Obtaining the maximum a posteriori estimate of jointly-credible parameters in brms models

Hi all,

I’ve fitted a multi-level model in brms and I want to know the MAP parameter values. My purpose is sampling from the MAP random effects structure to get the best guess of the predictive distribution without any estimation uncertainty. There is already great functionality to simulated new datasets from the random effects from randomly drawn posterior samples using brms::predict and sample_new_levels = "gaussian". But, as I understand it, this incorporates the model uncertainty baked into the posterior samples. I’d like to do this for the MAP parameters.
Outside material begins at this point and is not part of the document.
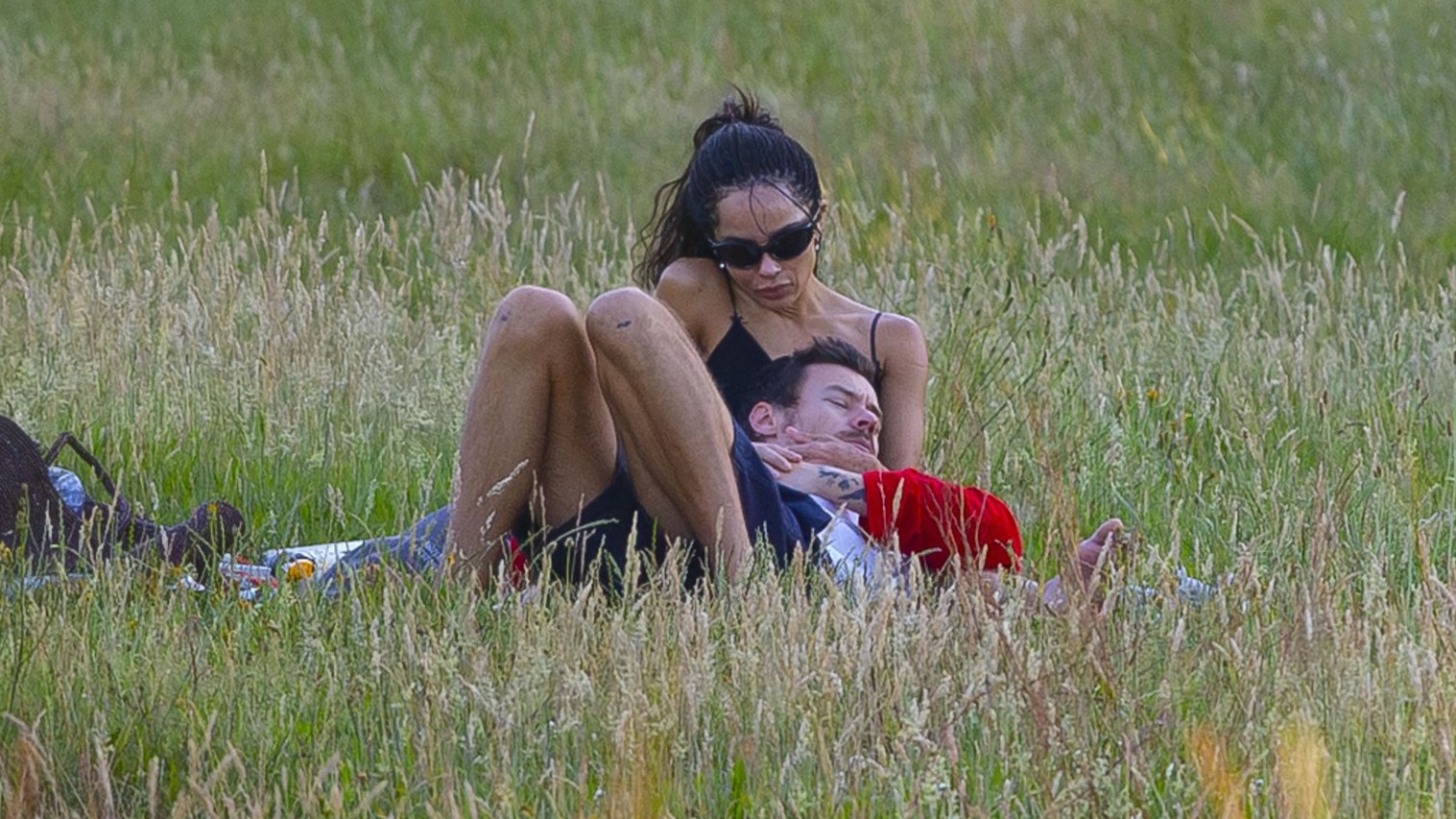 Harry Styles a jeho snúbenica Zoe Kravitz si užívajú horúce letné počasie a túlia sa k sebe na piknikovej deke v parku Hampstead Heath. 25. 06. 2026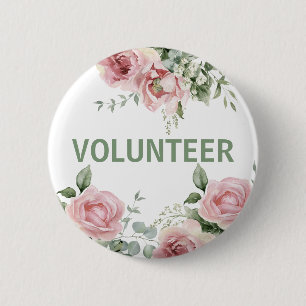 Pink Floral Volunteer Button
I’ve already tried a couple of ways.

  1. taking the MAP estimates of posterior samples using bayestestR::map_estimate. But when I simulate the predictive distribution by constructing the covariance matrix from the MAP sds and correlations, the resulting covariance matrix is not positive definite. I’m wonder whether this is because taking the MAP of each parameter value means that the combined parameters are no longer jointly-credible.

  2. extracting the stanmodel from brms using mod[["fit"]]@stanmodel and using rstan::optimizing. But this throws an error about variables not existing.

I’ve also wondered whether I’m over-complicating things and it could be as simple as taking the posterior sample with maximum lp_ (if I interpret correctly that this would be the sample where the parameters match the model the most)?

Any direction appreciated.

Thanks for your time.


Why would you like to get MAP estimates? Using posterior means or medians are usually much more stable and overall favorable point estimates. The latter two are easiy to extract but just computing means or medians over the posterior draws.

Hi Paul, thanks for replying.

Maybe I’m misunderstanding and taking the means/medians is the best options. I’ll explain more specifically my issue (apologies if some of this is already clear from the first post).

My model is multi-level and predicts a normally distributed response. I’m specifically interested in the variability of the model response predictions. As far as I understand it, the fully predictive intervals have three influences: the response spread as given by sigma (within participant variability), the random effects (between participant variability), and the model/estimation uncertainty (given by the variation of parameters values across the posterior samples).

I’d like to assess how much these sources of variability contribute to the fully predictive intervals. So would like to get predictive intervals for the model’s best guess at the fixed effects (as the lowest variability), then add the best guess for the random effects, then add the model uncertainty.

The (fixed or random) effects + model uncertainty is easy because you just integrate across the posterior samples. But I’m puzzled as to how you get the best guess of the parameterisation, ignoring the model uncertainty.

I understand (perhaps wrongly) that each posterior sample’s parameter values are jointly-credible, in the sense that they have the parameter covariance structure baked into the sample (and probably for other reasons that I don’t appreciate). So you can simulate a new hypothetical dataset from each sample (i.e. the discussion here: https://github.com/paul-buerkner/brms/issues/191). Wouldn’t taking means or medians over the posterior draws mean that the resulting combination of values was no longer jointly-credible? So simulating a new dataset from the mean/median parameter values would be biased in some way?

This reasoning led me to trying the get the sample that represents the model’s best guess, which in turn led me on to trying to get the MAP values. But perhaps this is the wrong way to go?

Using MAP is the wrong conclusion, but your idea is reasonable in principle, if I understand it correctly. What is important (and what I understand you mean) is that all transformations need to be done for each individual draw and then, only after draws for the quantity of final interest are computed, you can do summaries, for example, means, median, or quantiles.